Web page caption snippets
▼

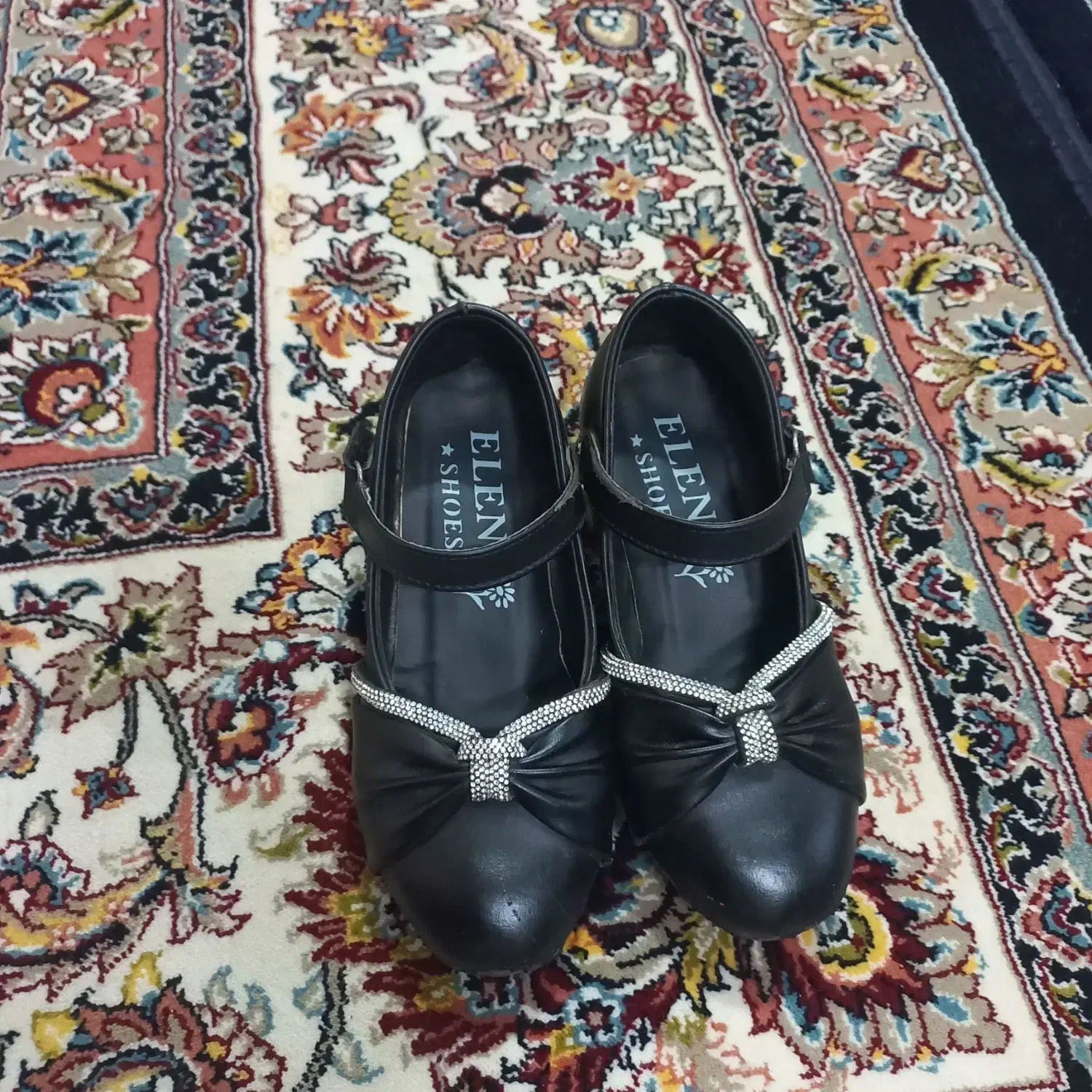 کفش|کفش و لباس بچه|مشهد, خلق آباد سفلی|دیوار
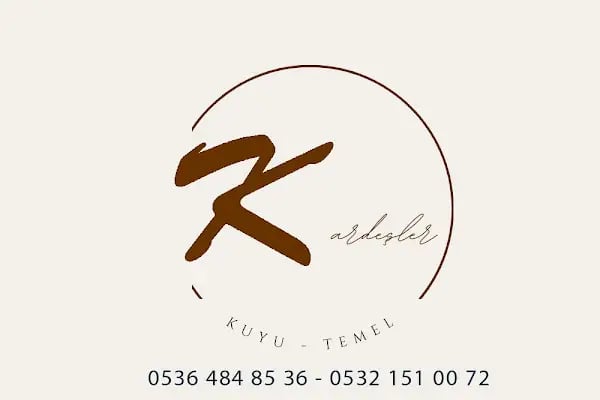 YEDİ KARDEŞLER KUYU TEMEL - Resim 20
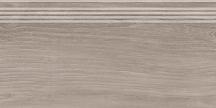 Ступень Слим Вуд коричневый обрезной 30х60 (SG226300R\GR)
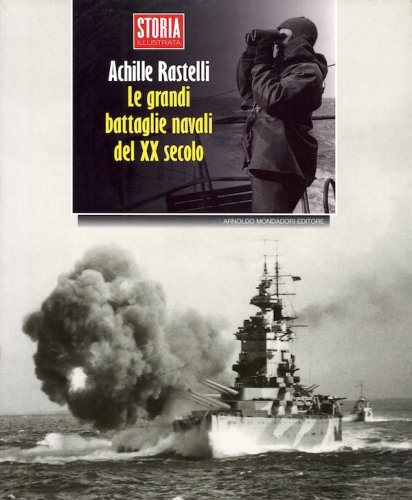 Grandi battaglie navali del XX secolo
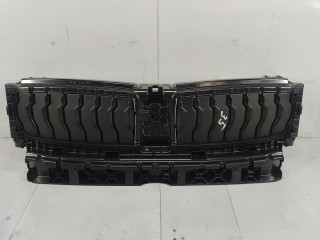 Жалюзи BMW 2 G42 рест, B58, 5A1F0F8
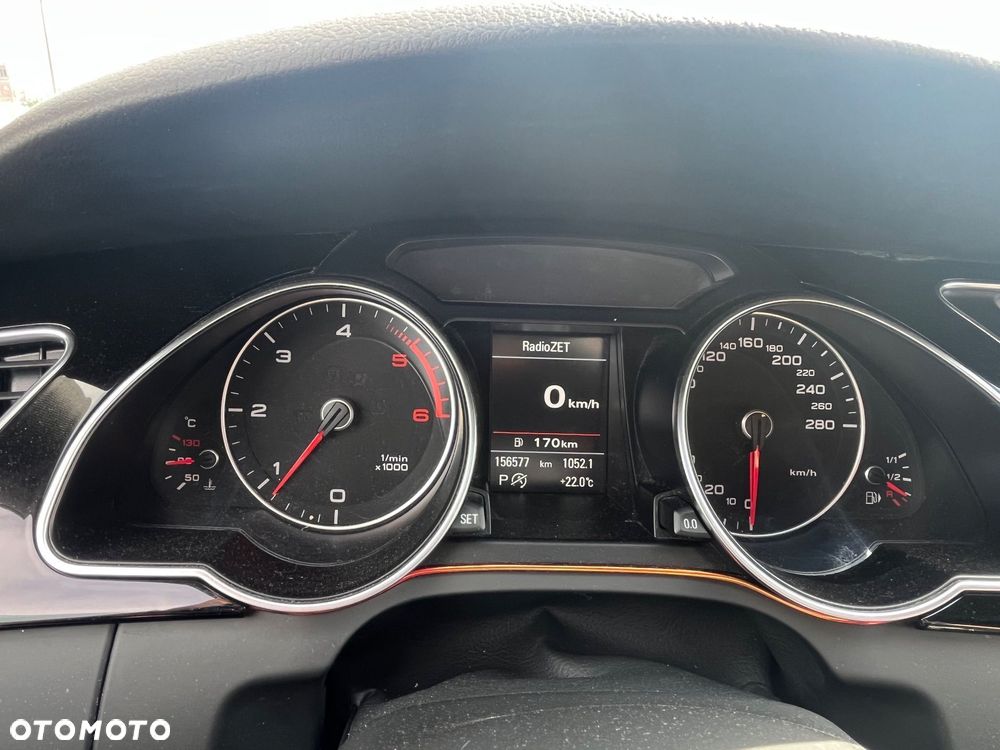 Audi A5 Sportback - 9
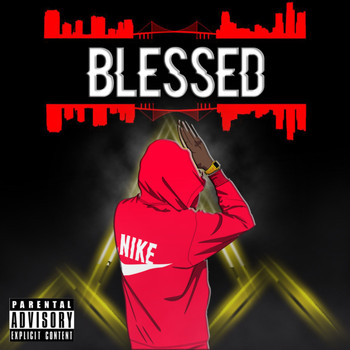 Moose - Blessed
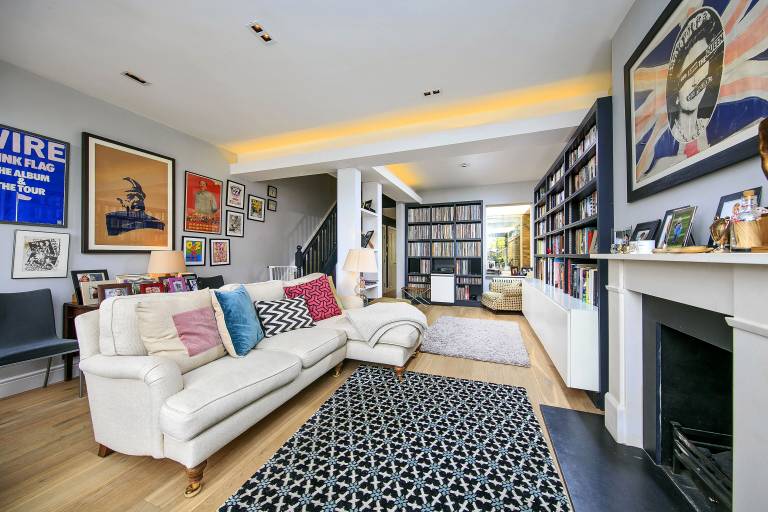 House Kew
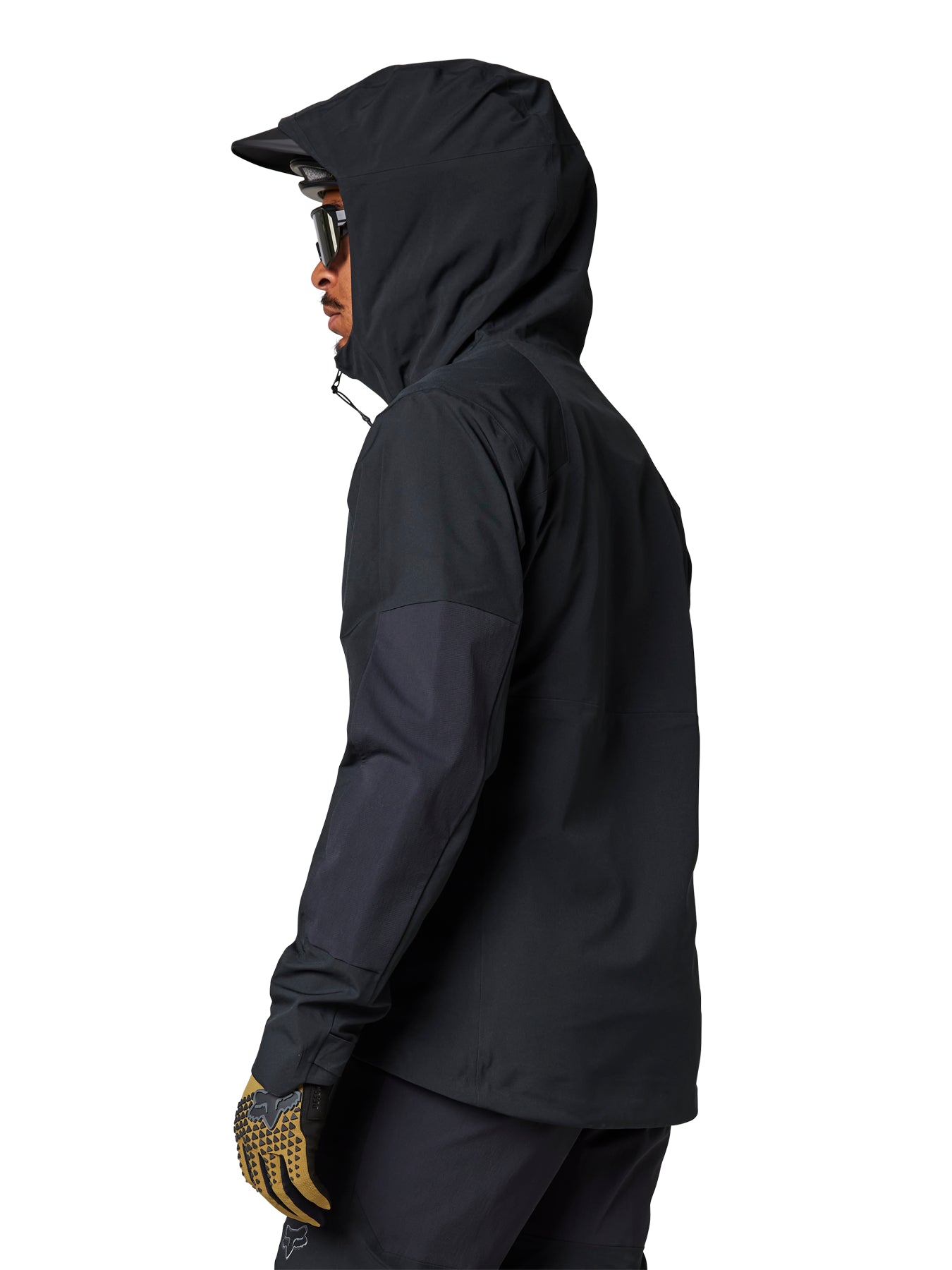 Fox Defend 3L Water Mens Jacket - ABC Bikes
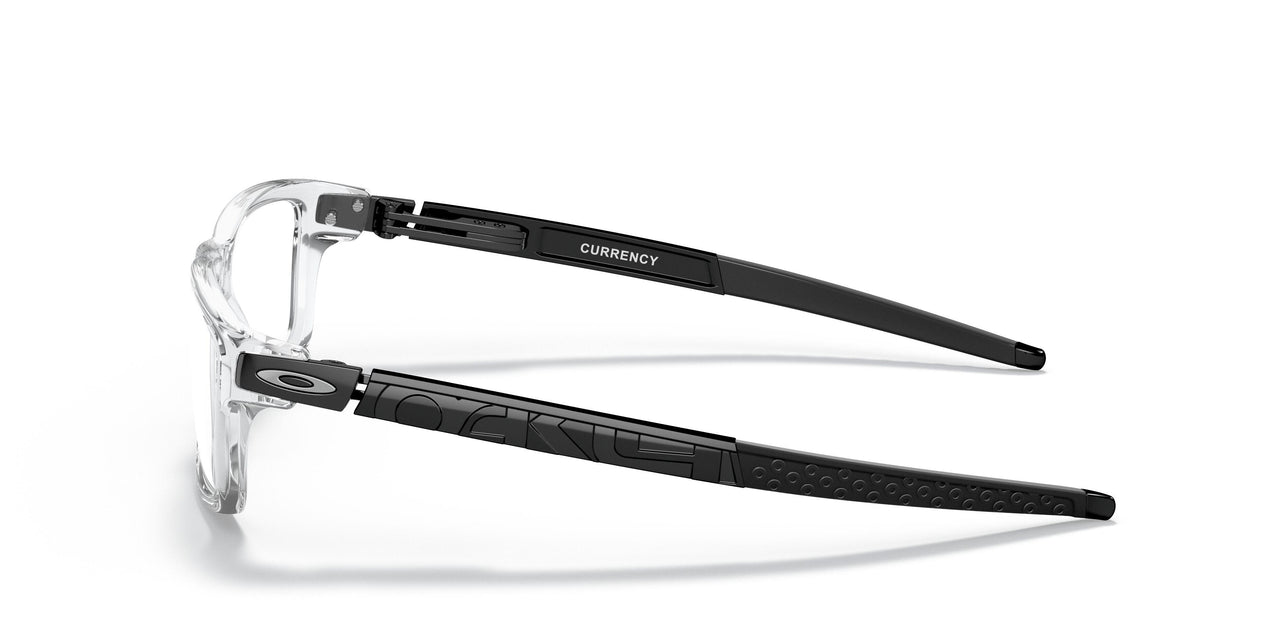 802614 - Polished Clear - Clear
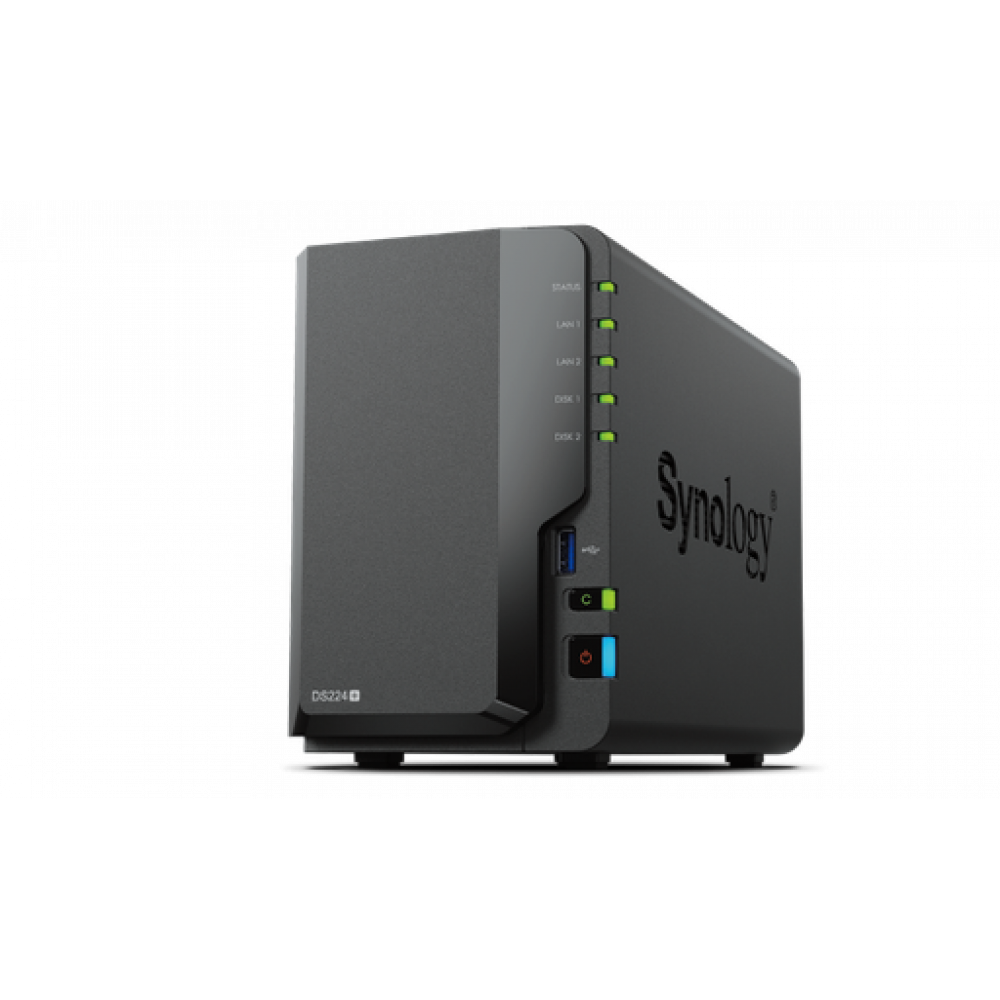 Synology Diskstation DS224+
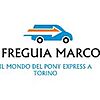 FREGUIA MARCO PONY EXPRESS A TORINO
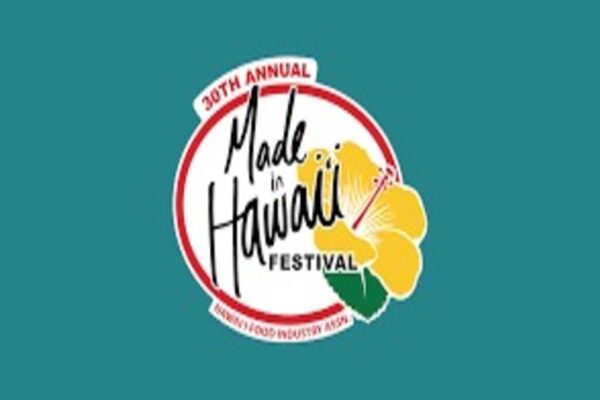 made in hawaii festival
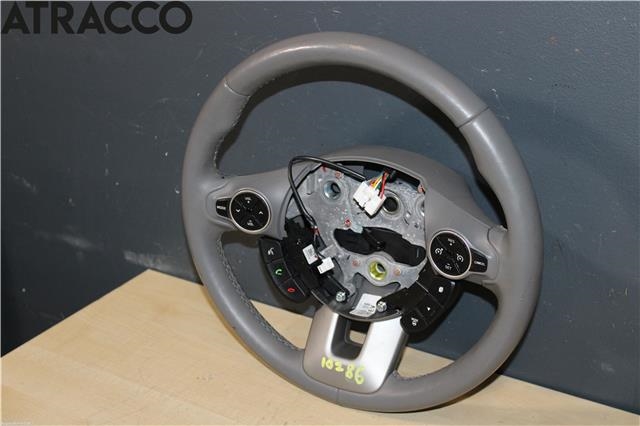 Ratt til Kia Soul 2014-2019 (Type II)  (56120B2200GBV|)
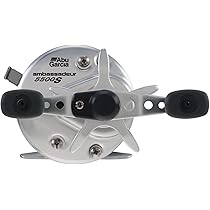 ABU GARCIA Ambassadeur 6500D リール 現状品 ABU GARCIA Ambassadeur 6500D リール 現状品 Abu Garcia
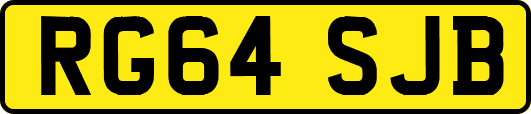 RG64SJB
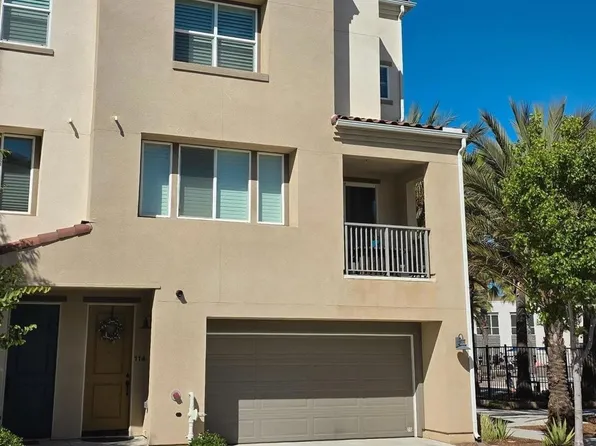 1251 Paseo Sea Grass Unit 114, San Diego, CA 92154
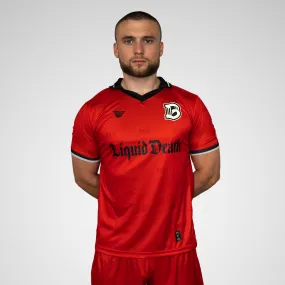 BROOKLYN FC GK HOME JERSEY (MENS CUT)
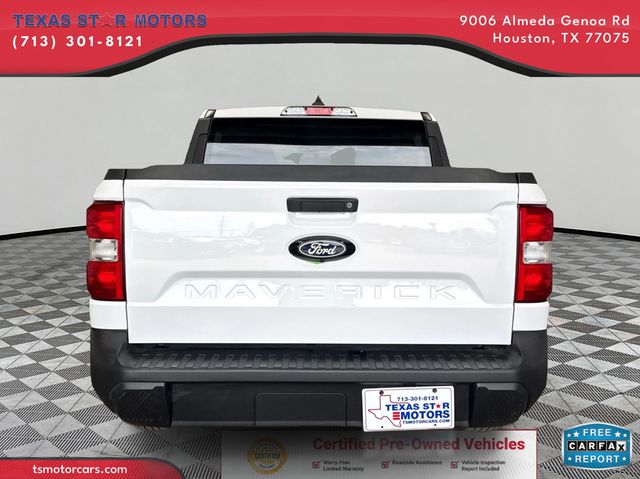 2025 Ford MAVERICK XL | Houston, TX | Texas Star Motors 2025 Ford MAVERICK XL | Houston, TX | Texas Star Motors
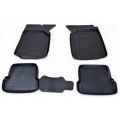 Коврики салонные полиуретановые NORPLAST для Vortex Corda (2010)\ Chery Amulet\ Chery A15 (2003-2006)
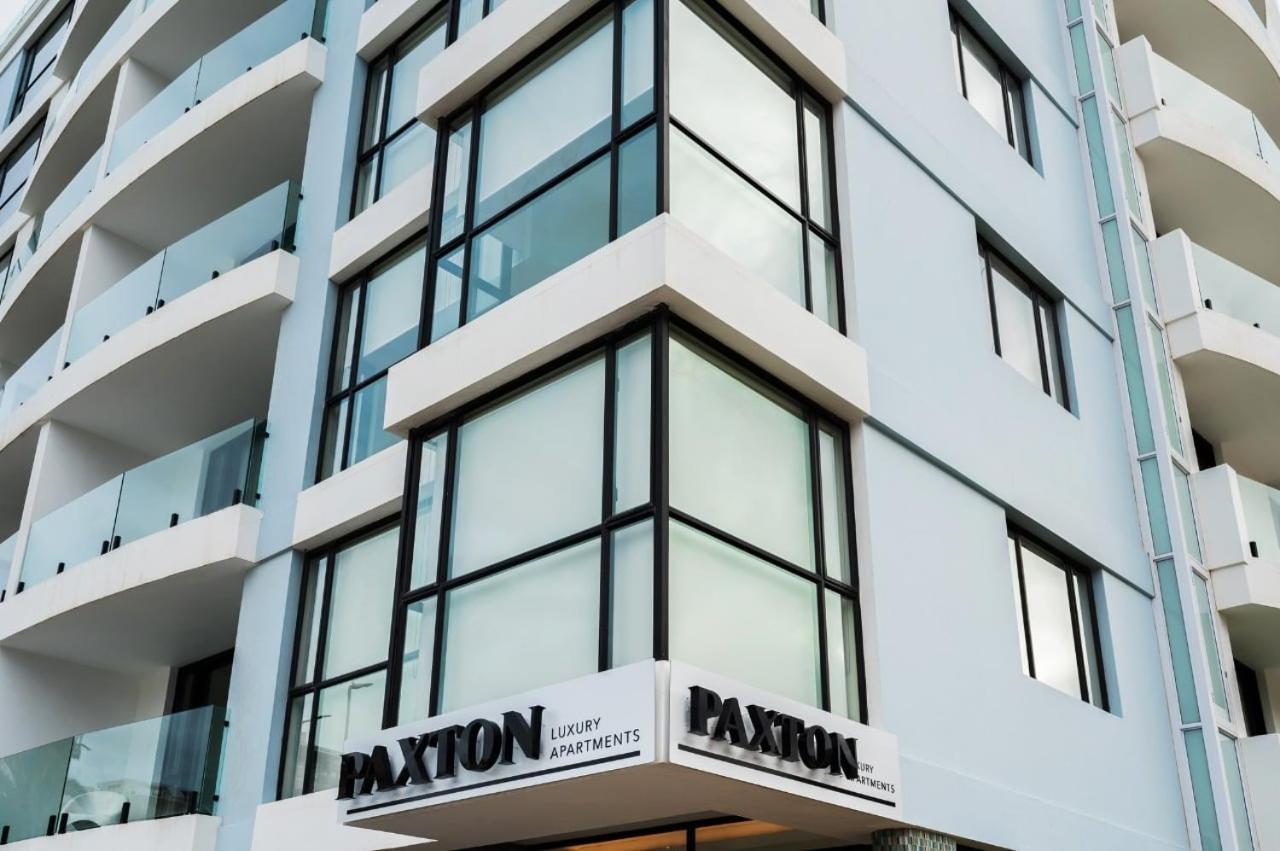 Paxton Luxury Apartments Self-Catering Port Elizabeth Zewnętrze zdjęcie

▲

Please output all of the entries above exactly, but without any picture.

* [Result]:
 کفش|کفش و لباس بچه|مشهد, خلق آباد سفلی|دیوار
 YEDİ KARDEŞLER KUYU TEMEL - Resim 20
 Ступень Слим Вуд коричневый обрезной 30х60 (SG226300R\GR)
 Grandi battaglie navali del XX secolo
 Жалюзи BMW 2 G42 рест, B58, 5A1F0F8
 Audi A5 Sportback - 9
 Moose - Blessed
 House Kew
 Fox Defend 3L Water Mens Jacket - ABC Bikes
 802614 - Polished Clear - Clear
 Synology Diskstation DS224+
 FREGUIA MARCO PONY EXPRESS A TORINO
 made in hawaii festival
 Ratt til Kia Soul 2014-2019 (Type II)  (56120B2200GBV|)
 ABU GARCIA Ambassadeur 6500D リール 現状品 ABU GARCIA Ambassadeur 6500D リール 現状品 Abu Garcia
 RG64SJB
 1251 Paseo Sea Grass Unit 114, San Diego, CA 92154
 BROOKLYN FC GK HOME JERSEY (MENS CUT)
 2025 Ford MAVERICK XL | Houston, TX | Texas Star Motors 2025 Ford MAVERICK XL | Houston, TX | Texas Star Motors
 Коврики салонные полиуретановые NORPLAST для Vortex Corda (2010)\ Chery Amulet\ Chery A15 (2003-2006)
 Paxton Luxury Apartments Self-Catering Port Elizabeth Zewnętrze zdjęcie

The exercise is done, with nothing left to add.